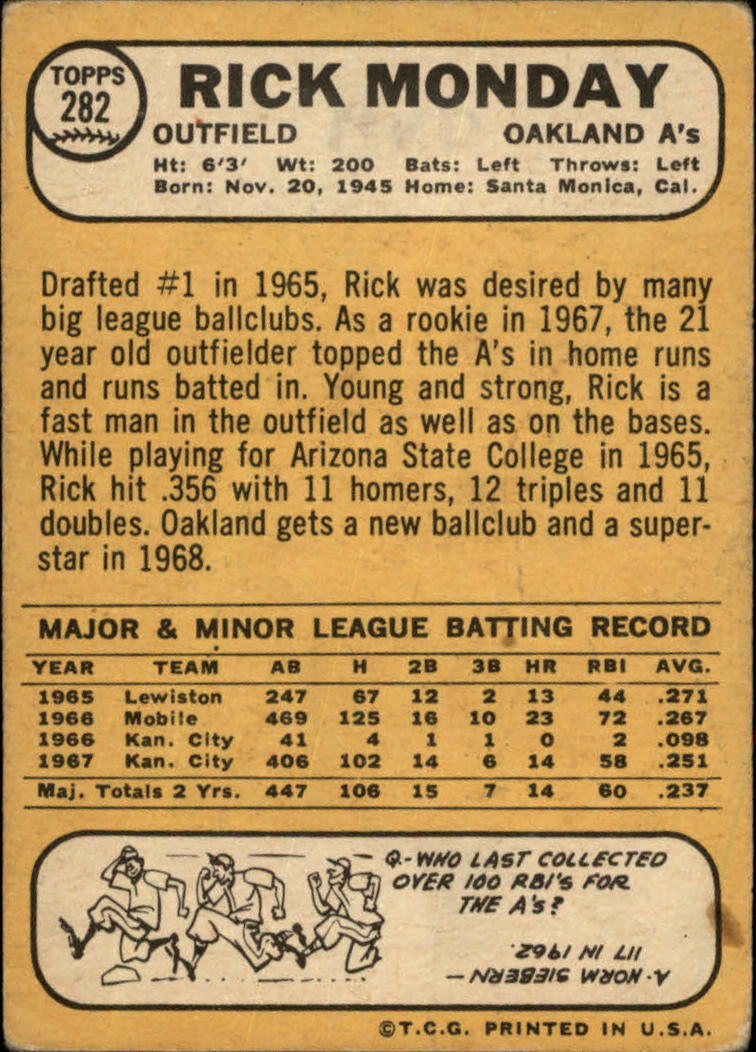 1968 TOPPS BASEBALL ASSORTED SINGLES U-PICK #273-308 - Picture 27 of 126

+++

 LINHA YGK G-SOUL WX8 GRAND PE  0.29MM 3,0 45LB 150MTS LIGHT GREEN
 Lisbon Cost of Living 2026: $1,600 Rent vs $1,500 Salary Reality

+++

Task to complete: Out of the data above, set down the lines from the one with "LINHA YGK G-SOUL" to the one with "Lisbon Cost of", both included, exactly as written and with no additions.

Your solution:
 LINHA YGK G-SOUL WX8 GRAND PE  0.29MM 3,0 45LB 150MTS LIGHT GREEN
 Lisbon Cost of Living 2026: $1,600 Rent vs $1,500 Salary Reality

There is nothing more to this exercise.